Pour l’ancien magistrat, devenu avocat, Faouzi Maalaoui, cette tendance trouve sa source dans la formation des magistrats et des juristes en Tunisie. Selon notre interlocuteur, l’enseignement du droit dans notre pays n’accorde pas assez d’importance à  «l’approche de droits humains ». Il existe bel et bien une matière consacrée à l’étude des droits de l’Homme depuis l’ère de la dictature mais « on inculque les droits humains via des mécanismes assez techniques. On ne se focalise pas sur l’essence des droits humains dans le but d’en imprégner les futurs juristes », regrette l’avocat.

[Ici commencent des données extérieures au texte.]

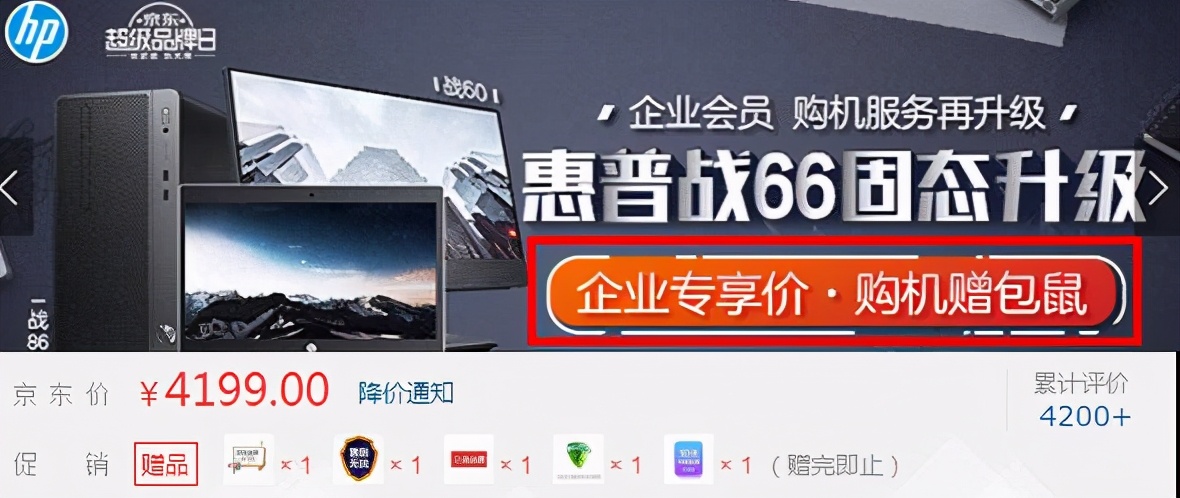 618电商就是每个平台的促销活动,电商618过后还有什么大促销活动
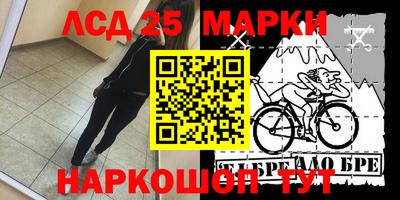 мдпв Краснознаменск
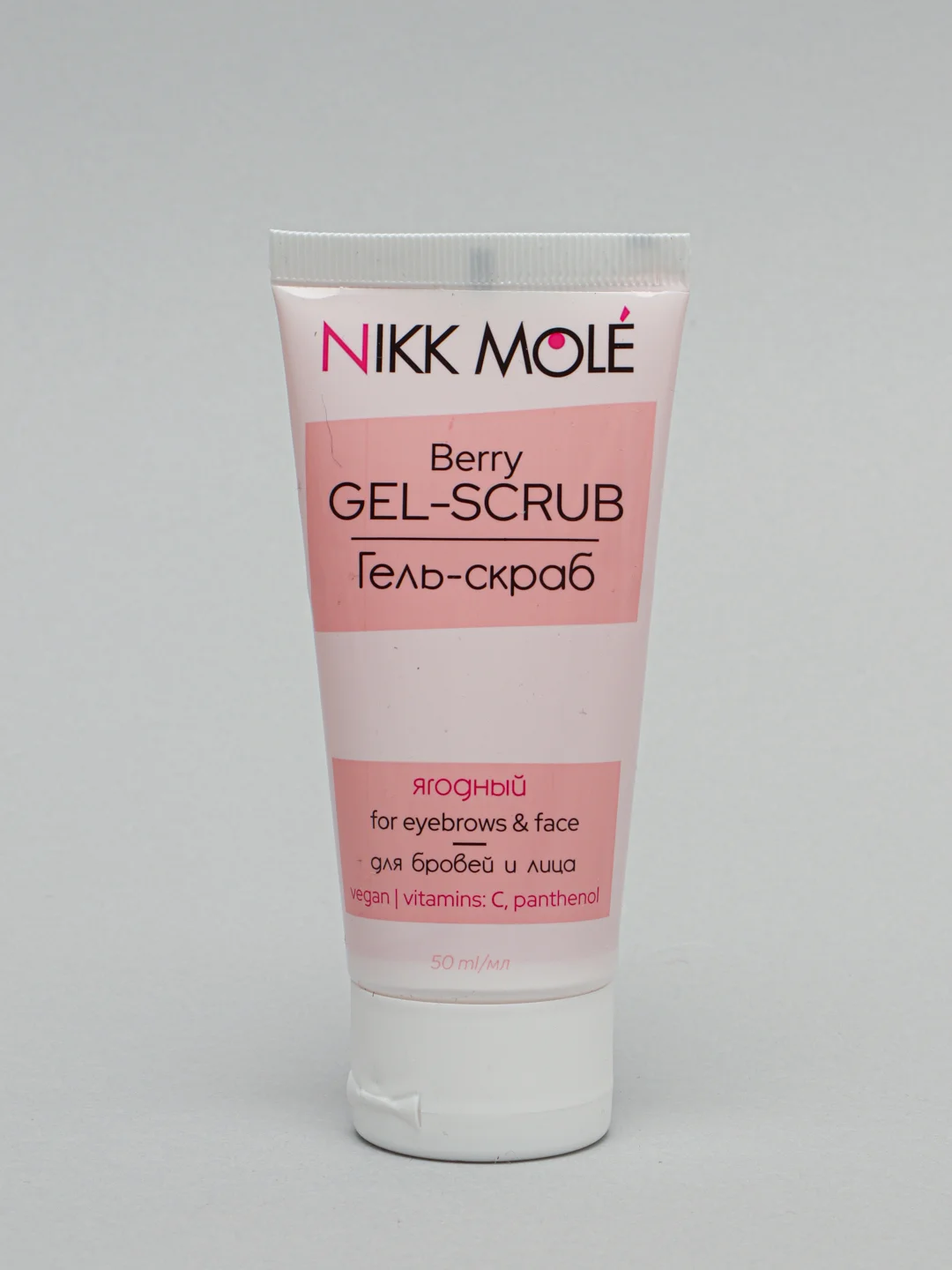 Гель-скраб для бровей и лица Ягодный Nikk Mole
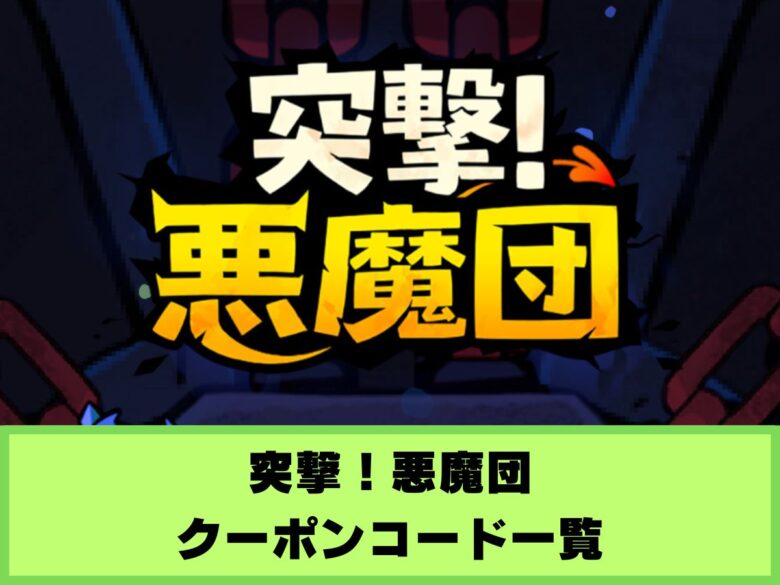 【突撃!悪魔団】クーポンコード一覧と入力方法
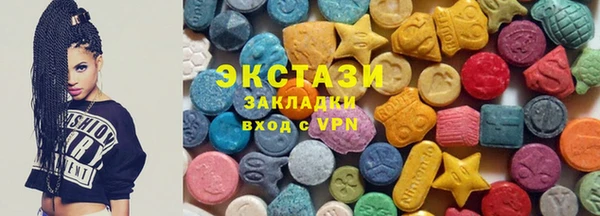 MDMA Алексеевка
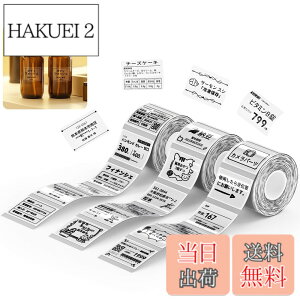 �y���������zNIIMBOT ���x���V�[���y3���[���zB1/B1Pro/B2/B2Pro/B21/B21Pro/B31���x�����[�J�[�Ή� �������M���[���� ���M���x���v�����^�[ ����p�� ���S�� �ϐ� �F�F40*30 �����A�T�C�Y�F40x30mm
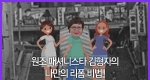 원조 패셔니스타, 김형자의 나만의 리폼 비법!!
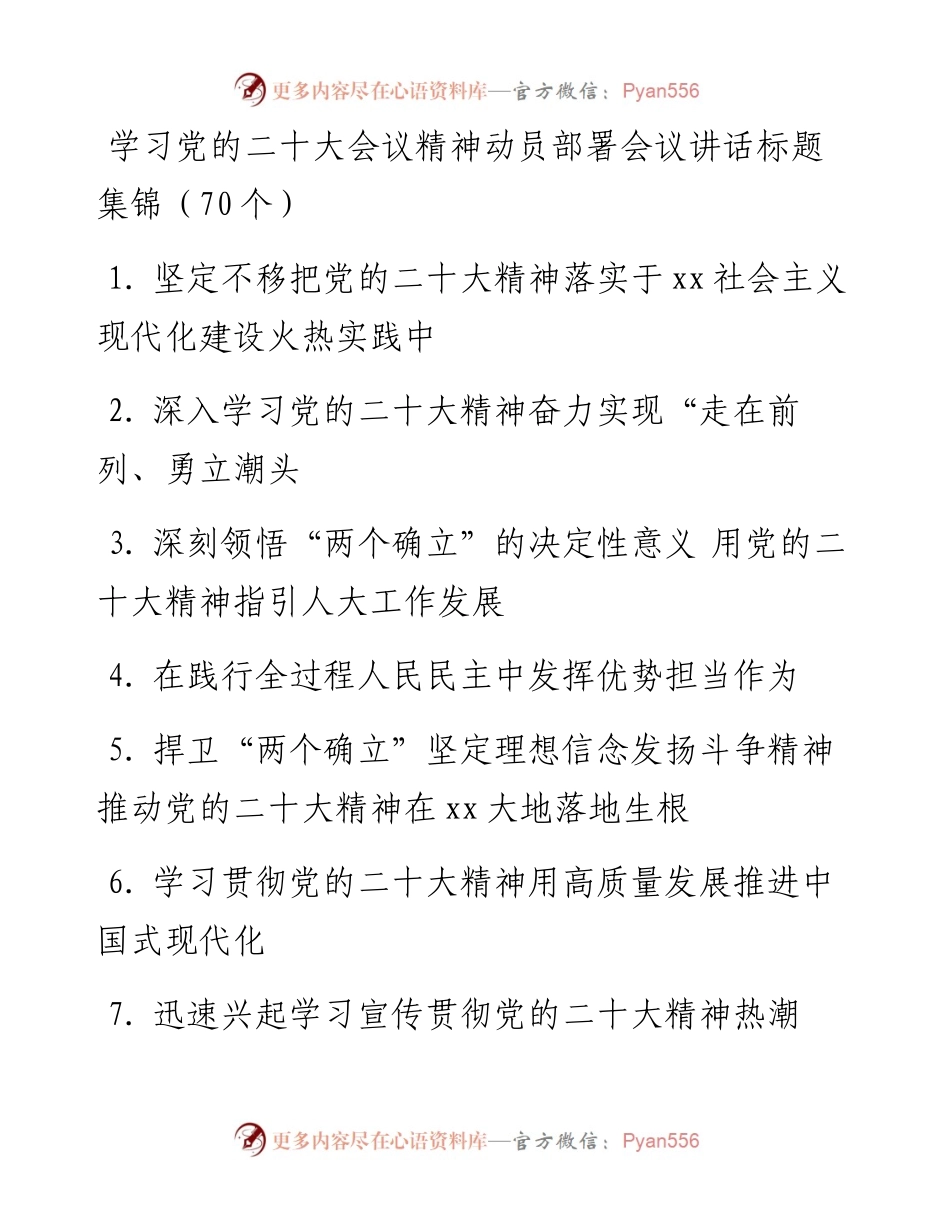 学习党的二十大会议精神动员部署会议讲话标题集锦（70个）.docx_第1页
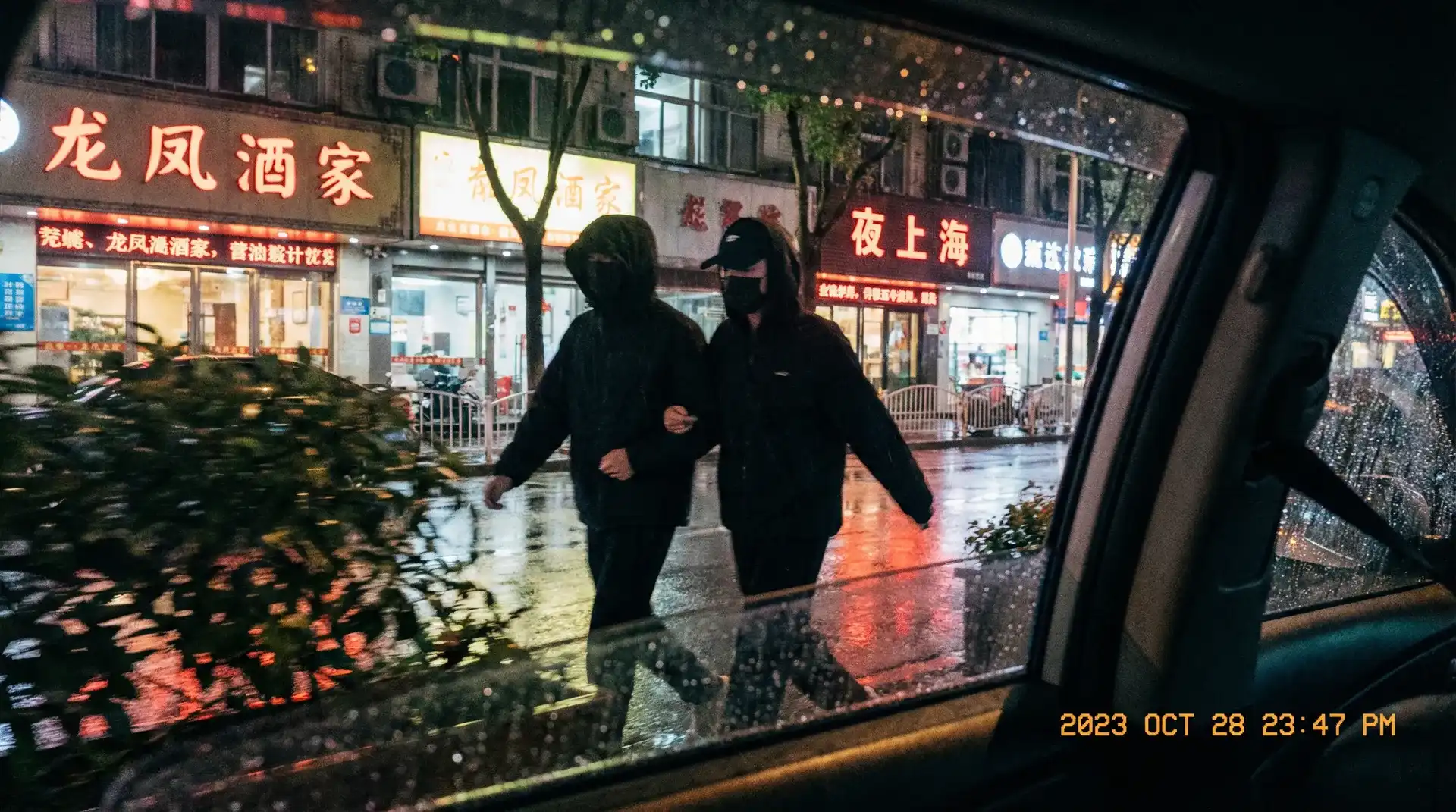 错点鸳鸯电视剧 - 顶流明星深夜密会现场抓拍照片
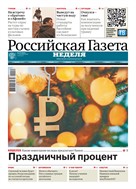 Российская газета - Неделя. Юг России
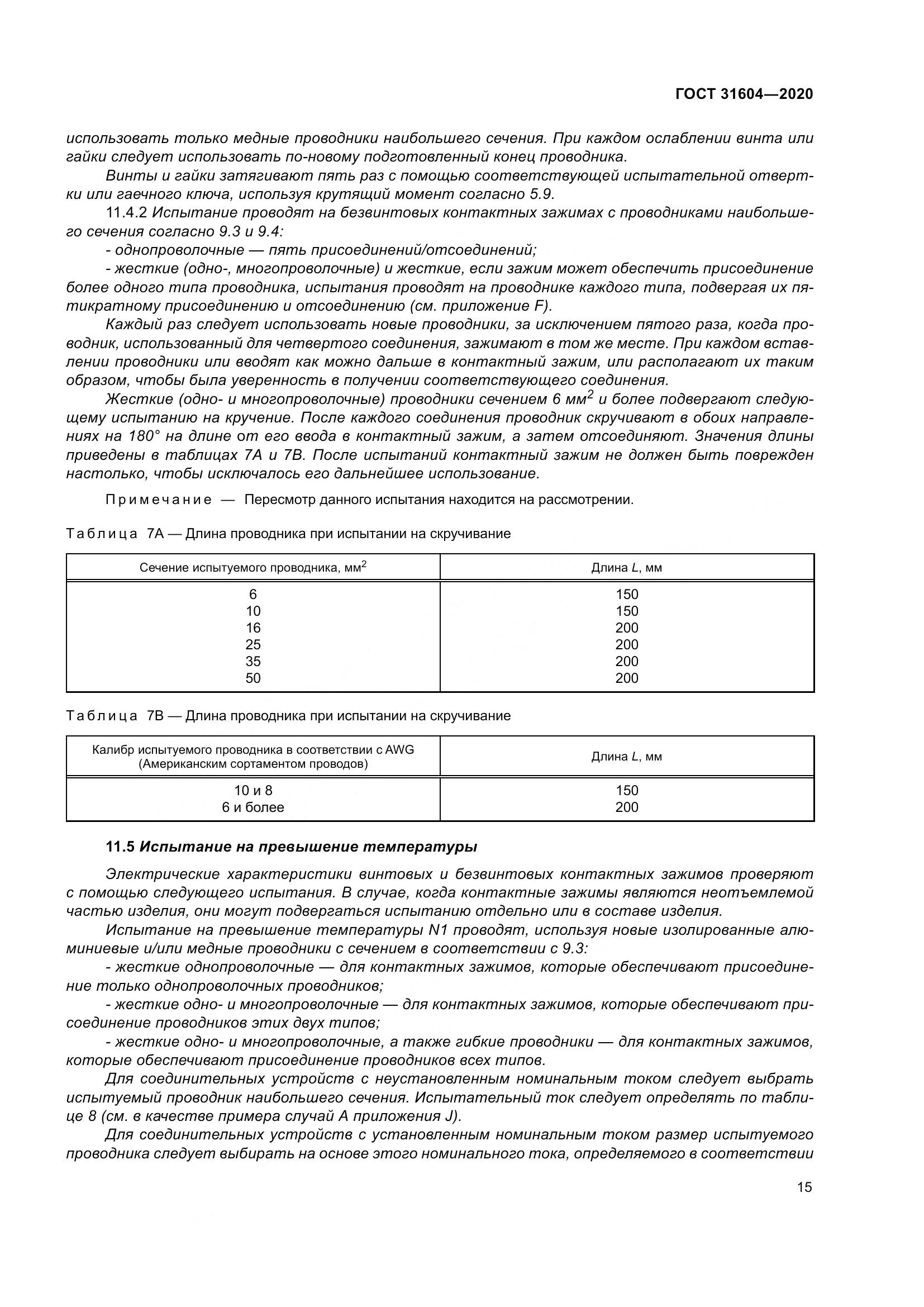 ГОСТ  31604-2020, страница 23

D’après le magistrat Omar Weslati, le problème ne réside pas uniquement dans le contenu de la matière enseignée mais aussi dans l’intériorisation de la matière par les étudiants et par ricochet par les futurs magistrats. « Il ne suffit pas d’enseigner une matière relative aux droits de l’Homme. Il faut que le souci principal soit de garantir les droits humains dans l’enseignement de toutes les matières. A titre d’exemple, quand on expose aux étudiants les procédures pénales, il est primordial de comprendre les dispositions de la loi à l’aune des impératifs liés aux droits humains comme la nécessité de ne pas recourir à la torture, la préservation de la dignité humaine, etc. Fixer ainsi un délai pour la détention préventive n’est pas arbitraire. Cela indique que cette mesure exceptionnelle ne doit pas être indéterminée afin de ne pas porter atteinte au principe de la liberté », précise-t-il.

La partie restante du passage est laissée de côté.